18 months ago, a gin priced at £30 would have been a relatively rare thing and it would have almost been guaranteed to be good. These days, every gin released is “very special” in some way or other and is firmly placed in the upper-premium price-bracket. Are there really that many top-notch gins hitting the market or are there just lots of overpriced, or sub-standard (depending on how you look at it) gins launching in an attempt to cash-in on the new wave of interest in gin?
Ultimately, gin is relatively easy to produce compared to, say, whisky, which needs years of ageing, and anyone with the right skills and an idle still can crank it out. This is a somewhat over-simplified view which besmirches the awesome talents of master distillers but it serves a purpose for the argument. New gins are flooding the market and while a few years ago we saw excellent gins launching at reasonable prices (for example, Brecon, Sipsmith, Whitley Neill), very little in the last year has released without a £30+ price-tag.
On a personal and somewhat trivial level , this irks me; my hobby is getting more and more expensive. On a more serious level, I’m questioning whether there are really that many gins which justify the price-tag.
Two years ago, I nearly coughed-up my own pelvis at the price of No.3 and Oxley. Gin at this prices was uncommon and the gins were of tremendous quality. Now, you only have to go to somewhere like Master of Malt and sort by price to see what I’m talking about – 50% of the gins on sale there are over the £30-mark.
The only way to find out for sure will be to try them all and, even then, taste is a very subjective thing, so I doubt there will ever be a definitive answer to these questions I pose here.
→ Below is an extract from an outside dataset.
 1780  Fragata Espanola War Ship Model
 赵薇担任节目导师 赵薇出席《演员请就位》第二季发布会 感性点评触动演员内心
On a less subjective note, the populous spends on a bell-curve; from budget gins at one tail, to mid-range gins in the fat-middle and premium gins at the other tail. If product releases are skewed toward the premium-end of the curve, this is unsustainable at best. With too little spending to go around and too many products on the market, many brands will end-up discontinued. My main concern is how many great brands will we lose because the market is flooded with overpriced guff? You would hope that great brands will stand the test of time and endure, but history is littered with great gins that have since gone the way of that goldfish from the fairground.
To my mind, a £30+ bottle of gin should be really special. Something that you buy a friend as a present. Something you recommend when someone asks, “Bob likes his gin – can you recommend a good one for his leaving present?”. Something you leave on the shelf and drink sparingly to make it last. Something that makes you utter “Wow!” every time you crack-open that bottle.
I can imagine it being hard for the creators of gin too. They spend months or years researching and experimenting, to eventually concoct what they think is the bees-knees; of course they will think that their creation compares with the best. However, there needs to be an extensive, objective assessment of where a product sits within the various price brackets.
The world needs more gins like Brecon; an excellent gin at a very reasonable price. I suppose that there’s an argument that this one went the other way and didn’t price high enough – but everyone loves their top-quality bargain and I think that’s a pricing strategy unto itself. On the flip-side, no one wants a rip-off, which brings me full circle really.
What do you think? Do the recent barrage of premium gin releases justify their price-tag, or are we just seeing egos inflating prices? Have you discovered any bargains recently?